Furniture, computers, televisions, dishes, and glasses must be well protected and packed to prevent them from breaking during transport. When transporting plants, it is essential to pack them well and pay particular attention to the transport conditions and ambient temperatures. To help you with this task, we’ve put together our best tips for keeping your plants safe during your move.

When is the best time to move your plants?

The seasons are very important if you want the best move for your plants. For this, you should choose the most favorable seasons according to your type of plant, its flowering period, or the period of foliage loss. For indoor plants, summer and spring will be the most favorable seasons to move them, while for outdoor plants, it will be winter.

How to transport your plants?

To facilitate their transportation, small plants can be protected in cardboard boxes adapted to the size of the pot. Indoor plants whose pots are sensitive to shocks should be repotted in plastic pots. If you have plants in your garden and want to take them with you, unfold them and put them in plastic bags. Afterward, you will have to replant them as soon as you arrive.

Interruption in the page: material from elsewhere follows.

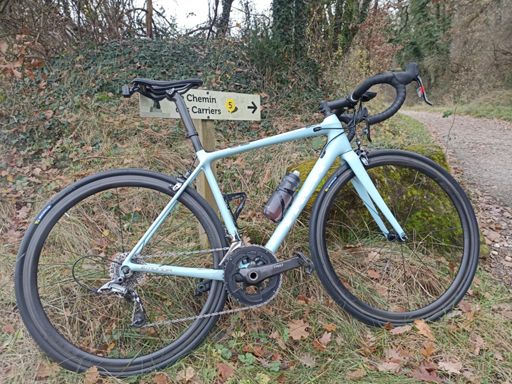 #arrêt pipi...merci le grand froid 😔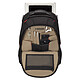 Avis Wenger Carbon Pro Compact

How to prepare your outdoor plants?

If you have outdoor plants that you want to take with you, it is essential to prepare them one to two weeks in advance. They must be dug up, digging around the roots and keeping a sufficient length to replant them afterward. The roots must then be covered with a cloth (or bag) by tying them around them without tightening too much. Once well protected, place the garden plants in plastic pots with a mixture of soil and peat and water them abundantly after covering them with soil. This way, they will have some time to acclimate to the pot, which is easier than loading the moving truck directly. The smoother the transition, the less waste you will have.

How do I take good care of the plants when they arrive?

Once you arrive in your new home, try to find them a situation similar to the one they experienced previously, with the same light exposure conditions. You will have to let them breathe quickly by taking them out of their bags and boxes. Ideally, you should even replant them as soon as you arrive, making sure that the soil is identical to the one from which you dug them up. Watering should be moderate so that they gradually regain their ideal hygrometry. But above all, don’t hesitate to keep an eye on them to spot the slightest anomaly (browning or yellowing of the foliage, the appearance of spots, softening of the leaves…) and be able to act quickly. The shocks they have suffered during their move are not harmless and will show you if their new environment does not suit them.

Don’t worry, moving plants, whether they come from your garden or your home, is not that complicated. If you’ve taken good care of them throughout the process and followed all our tips, they should easily regain their strength in their new environment.